With more than 200 years since the start of the Industrial Revolution, the manufacturing industry is ripe for a new disruptor. According to AT&T, “the sector faces its biggest transformation with the arrival of 5G technology.”
For proponents, 5G can deliver “factories of the future” by interconnecting devices and enabling them to make decisions autonomously to enhance machine-machine interoperation on the work floor. The main driver of the ‘factories of the future’ will be the availability of agile and highly fluid infrastructure. To this end, experts highlight the underlying capabilities of 5G networks as the deliverer of the demanded agility and fluidity. In a sense, the ever-increasing pace in the adoption and deployment of the 5G networks by carriers is demand-driven by necessity, rather than technological evolution. According to Ericsson, demand for 5G networks offers “telecom operators a USD 619 billion revenue opportunity by 2026.”
As the devices for the factories of the future become more sophisticated, the demand for networks offering high-speed connectivity and lower end-to-end delays increases. Experts point out to 5G’s low-latency as the perfect option to deliver connectivity needs of sophisticated devices of tomorrow’s factories.

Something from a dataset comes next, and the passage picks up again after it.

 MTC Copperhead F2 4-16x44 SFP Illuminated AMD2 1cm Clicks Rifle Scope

According to Ericsson, 5G also promises to enable manufacturers and telecom operators to take advantage of new and emerging technologies such as artificial intelligence (AI), Internet of Things (IoT), and augmented reality (AR).

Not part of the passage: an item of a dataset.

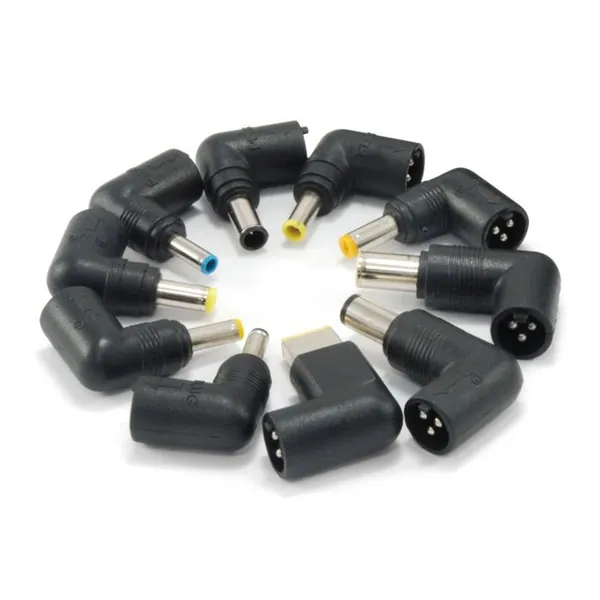 Conceptronic Univerzális Töltő adapter 65W - CNB65 (10 csatlakozó, túlfeszültség/rövidzárlat/túlmelegedés védelem) – 3. kép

With sensors monitoring every aspect of the working environment, the smart factories of the future will rely heavily on high-speed connectivity to feed a wide range of data and information into these sensors. Combining accurate, real-time data such as accelerometer and location data to enable autonomous vehicles with pinpoint accuracy requires a network with wireless flexibility, high capacity, and low-latency performance. According to AT&T, these demands and needs of devices of the future “make 5G a natural choice to support manufacturers in these environments.” 5G networks promise to assist in tackling the hurdles and challenges that have impeded extensive and intensive automation. Challenges associated with connectivity costs, issues in data transmission, and lack of communication capacity will be resolved by 5G.

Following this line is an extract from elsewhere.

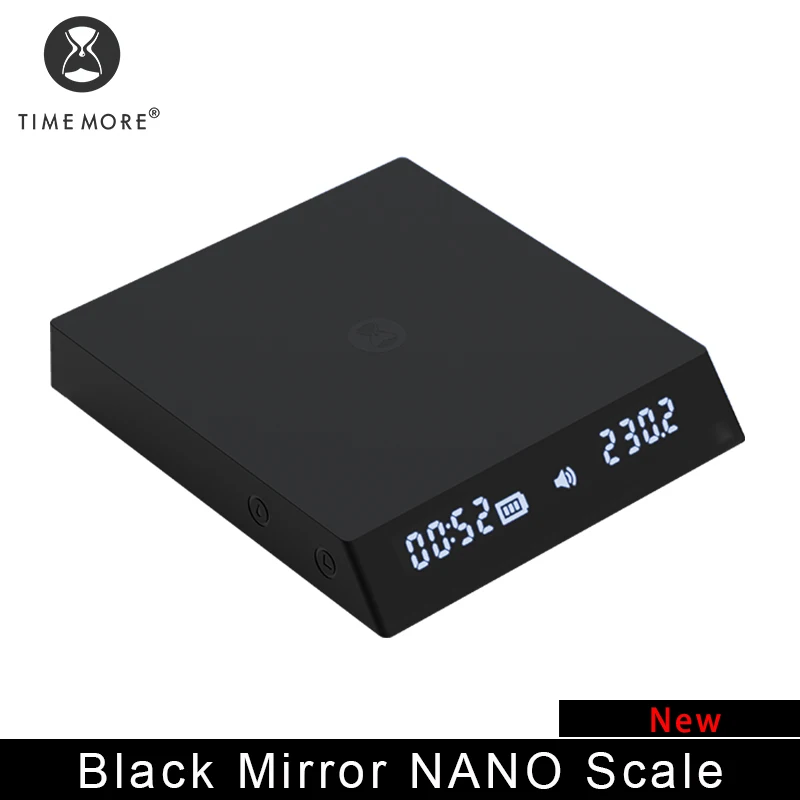 Кухонные весы TIMEMORE Store Black Mirror Nano Coffee новая панель для взвешивания с USB-подсветкой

Among the aspects of manufacturing that will be revolutionized by 5G includes data gathering, which will be increasingly challenging as networks grow and become smarter, producing more information than ever before. To this end, 5G carriers will benefit as demand for networks with high-bandwidth capabilities and low latency increases among manufacturers. 5G-enabled sensors combined with machine learning algorithms will enable factories of the future to predict and anticipate mechanical issues in equipment before they occur, reducing operation and downtime costs drastically. Also, 5G will enable combining of “fast production-line operations with the power of networked intelligence,” boasts AT&T. This capability is expected to deliver advanced visual recognition driven by deep learning and the cloud.
The benefits promised by 5G is already enticing manufacturing companies, such as Whirlpool. The appliance maker announced that it is planning to replace its WiFi network with a 5G network by AT&T. According to Network World, “the first phase of Whirlpool’s 5G rollout will connect around 80% of the company’s 100 driverless vehicles.”